▸ **WHAT TO WORK ON**:
Return the full listing unchanged, apart from leaving out its images.

=====

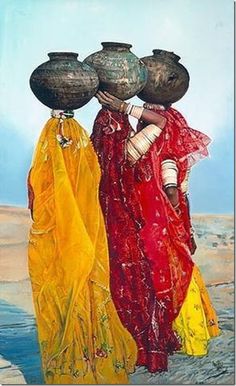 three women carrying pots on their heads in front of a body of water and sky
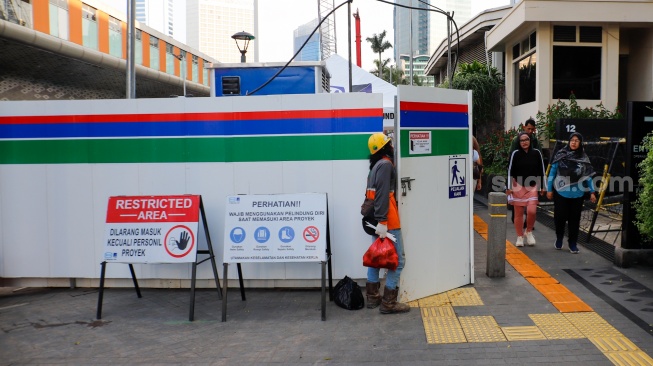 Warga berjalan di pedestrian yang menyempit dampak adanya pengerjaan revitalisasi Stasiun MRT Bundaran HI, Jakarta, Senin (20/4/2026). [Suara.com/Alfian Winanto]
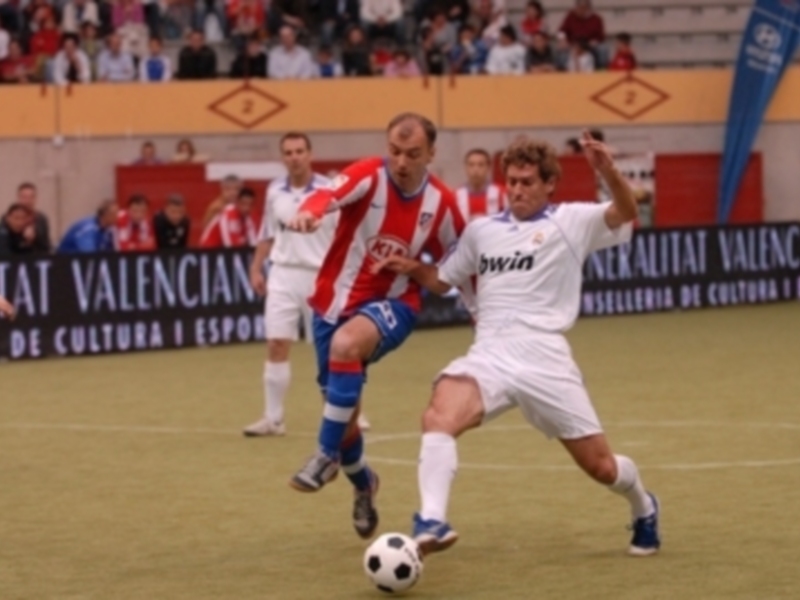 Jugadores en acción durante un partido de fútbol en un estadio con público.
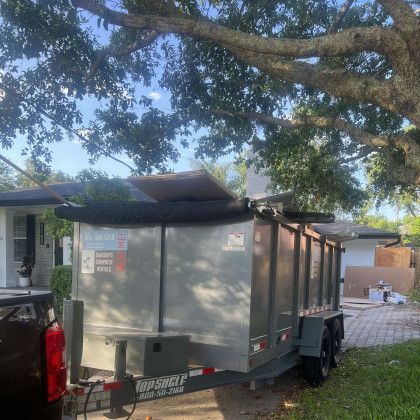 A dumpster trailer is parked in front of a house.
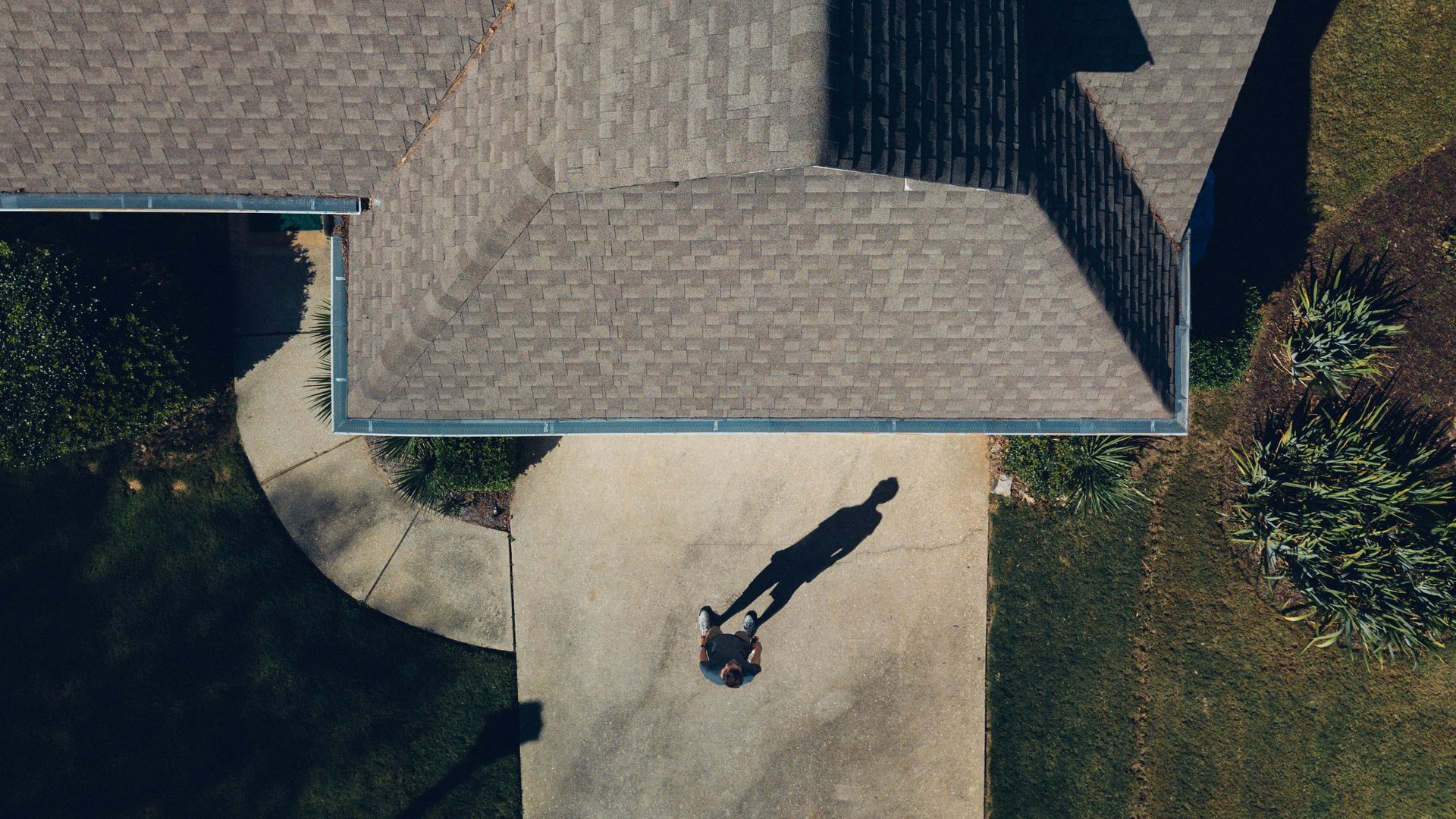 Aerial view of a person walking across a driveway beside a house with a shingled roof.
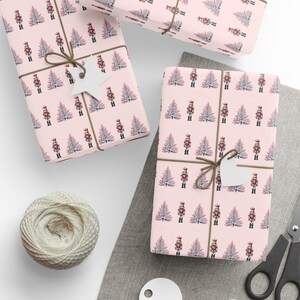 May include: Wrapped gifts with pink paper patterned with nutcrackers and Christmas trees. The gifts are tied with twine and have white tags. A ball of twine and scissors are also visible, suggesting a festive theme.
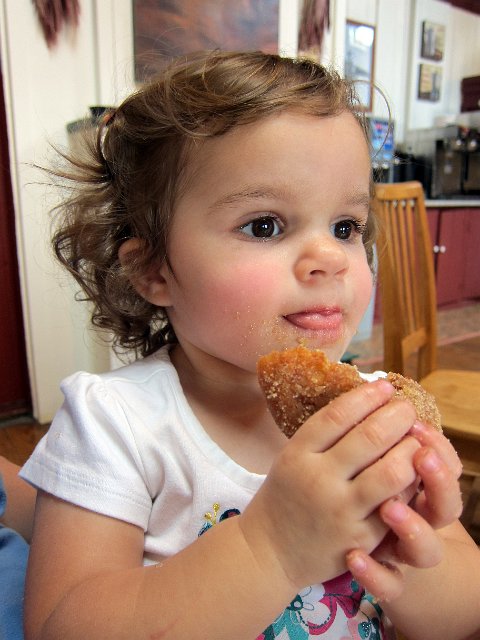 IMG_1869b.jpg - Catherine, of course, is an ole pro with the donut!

=====

▸ **RESULT OF THIS EXERCISE**:
 three women carrying pots on their heads in front of a body of water and sky
 Warga berjalan di pedestrian yang menyempit dampak adanya pengerjaan revitalisasi Stasiun MRT Bundaran HI, Jakarta, Senin (20/4/2026). [Suara.com/Alfian Winanto]
 Jugadores en acción durante un partido de fútbol en un estadio con público.
 A dumpster trailer is parked in front of a house.
 Aerial view of a person walking across a driveway beside a house with a shingled roof.
 May include: Wrapped gifts with pink paper patterned with nutcrackers and Christmas trees. The gifts are tied with twine and have white tags. A ball of twine and scissors are also visible, suggesting a festive theme.
 IMG_1869b.jpg - Catherine, of course, is an ole pro with the donut!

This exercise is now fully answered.